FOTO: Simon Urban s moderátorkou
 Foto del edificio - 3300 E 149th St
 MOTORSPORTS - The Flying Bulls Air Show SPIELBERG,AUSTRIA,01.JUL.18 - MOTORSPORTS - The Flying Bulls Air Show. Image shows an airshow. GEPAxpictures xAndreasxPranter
========================================
* _Task requirements_
Return every line of the listing, word for word.

* _Your response_
FOTO: Simon Urban s moderátorkou
 Foto del edificio - 3300 E 149th St
 MOTORSPORTS - The Flying Bulls Air Show SPIELBERG,AUSTRIA,01.JUL.18 - MOTORSPORTS - The Flying Bulls Air Show. Image shows an airshow. GEPAxpictures xAndreasxPranter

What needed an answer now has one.